(Data records)
———
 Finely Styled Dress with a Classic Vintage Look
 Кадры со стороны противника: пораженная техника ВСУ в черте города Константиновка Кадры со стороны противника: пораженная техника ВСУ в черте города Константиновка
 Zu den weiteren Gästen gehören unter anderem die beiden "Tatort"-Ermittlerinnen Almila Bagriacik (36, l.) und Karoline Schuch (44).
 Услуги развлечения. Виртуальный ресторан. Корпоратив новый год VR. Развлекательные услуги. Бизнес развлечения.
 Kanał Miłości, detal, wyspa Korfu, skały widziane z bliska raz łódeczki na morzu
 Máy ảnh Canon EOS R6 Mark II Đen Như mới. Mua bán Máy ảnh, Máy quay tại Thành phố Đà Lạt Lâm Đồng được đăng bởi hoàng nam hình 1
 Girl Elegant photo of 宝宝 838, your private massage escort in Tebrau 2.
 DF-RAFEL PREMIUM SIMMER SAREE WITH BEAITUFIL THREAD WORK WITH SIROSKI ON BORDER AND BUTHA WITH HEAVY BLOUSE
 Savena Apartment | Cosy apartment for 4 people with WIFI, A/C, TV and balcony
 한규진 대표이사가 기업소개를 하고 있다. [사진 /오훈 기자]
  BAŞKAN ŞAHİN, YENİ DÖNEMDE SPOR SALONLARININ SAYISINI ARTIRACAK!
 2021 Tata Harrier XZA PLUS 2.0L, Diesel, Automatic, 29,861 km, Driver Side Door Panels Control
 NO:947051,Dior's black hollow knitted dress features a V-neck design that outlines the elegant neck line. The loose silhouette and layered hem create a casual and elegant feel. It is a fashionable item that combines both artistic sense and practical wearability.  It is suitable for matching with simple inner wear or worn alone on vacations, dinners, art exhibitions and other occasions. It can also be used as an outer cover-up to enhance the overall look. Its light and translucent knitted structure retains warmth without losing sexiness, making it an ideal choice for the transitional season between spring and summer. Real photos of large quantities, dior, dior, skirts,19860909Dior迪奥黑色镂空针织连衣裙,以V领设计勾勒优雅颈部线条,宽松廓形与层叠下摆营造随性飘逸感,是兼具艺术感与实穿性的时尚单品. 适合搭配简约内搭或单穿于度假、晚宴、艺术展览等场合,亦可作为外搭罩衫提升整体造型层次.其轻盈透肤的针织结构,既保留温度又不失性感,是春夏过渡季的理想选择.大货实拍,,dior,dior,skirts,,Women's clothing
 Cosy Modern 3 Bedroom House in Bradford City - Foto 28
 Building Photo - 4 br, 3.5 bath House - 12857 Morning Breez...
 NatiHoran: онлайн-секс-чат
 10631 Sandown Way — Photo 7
———
### Exercise prompt
Every entry must appear again in the answer, exactly as written.

### Answer for this exercise
 Finely Styled Dress with a Classic Vintage Look
 Кадры со стороны противника: пораженная техника ВСУ в черте города Константиновка Кадры со стороны противника: пораженная техника ВСУ в черте города Константиновка
 Zu den weiteren Gästen gehören unter anderem die beiden "Tatort"-Ermittlerinnen Almila Bagriacik (36, l.) und Karoline Schuch (44).
 Услуги развлечения. Виртуальный ресторан. Корпоратив новый год VR. Развлекательные услуги. Бизнес развлечения.
 Kanał Miłości, detal, wyspa Korfu, skały widziane z bliska raz łódeczki na morzu
 Máy ảnh Canon EOS R6 Mark II Đen Như mới. Mua bán Máy ảnh, Máy quay tại Thành phố Đà Lạt Lâm Đồng được đăng bởi hoàng nam hình 1
 Girl Elegant photo of 宝宝 838, your private massage escort in Tebrau 2.
 DF-RAFEL PREMIUM SIMMER SAREE WITH BEAITUFIL THREAD WORK WITH SIROSKI ON BORDER AND BUTHA WITH HEAVY BLOUSE
 Savena Apartment | Cosy apartment for 4 people with WIFI, A/C, TV and balcony
 한규진 대표이사가 기업소개를 하고 있다. [사진 /오훈 기자]
  BAŞKAN ŞAHİN, YENİ DÖNEMDE SPOR SALONLARININ SAYISINI ARTIRACAK!
 2021 Tata Harrier XZA PLUS 2.0L, Diesel, Automatic, 29,861 km, Driver Side Door Panels Control
 NO:947051,Dior's black hollow knitted dress features a V-neck design that outlines the elegant neck line. The loose silhouette and layered hem create a casual and elegant feel. It is a fashionable item that combines both artistic sense and practical wearability.  It is suitable for matching with simple inner wear or worn alone on vacations, dinners, art exhibitions and other occasions. It can also be used as an outer cover-up to enhance the overall look. Its light and translucent knitted structure retains warmth without losing sexiness, making it an ideal choice for the transitional season between spring and summer. Real photos of large quantities, dior, dior, skirts,19860909Dior迪奥黑色镂空针织连衣裙,以V领设计勾勒优雅颈部线条,宽松廓形与层叠下摆营造随性飘逸感,是兼具艺术感与实穿性的时尚单品. 适合搭配简约内搭或单穿于度假、晚宴、艺术展览等场合,亦可作为外搭罩衫提升整体造型层次.其轻盈透肤的针织结构,既保留温度又不失性感,是春夏过渡季的理想选择.大货实拍,,dior,dior,skirts,,Women's clothing
 Cosy Modern 3 Bedroom House in Bradford City - Foto 28
 Building Photo - 4 br, 3.5 bath House - 12857 Morning Breez...
 NatiHoran: онлайн-секс-чат
 10631 Sandown Way — Photo 7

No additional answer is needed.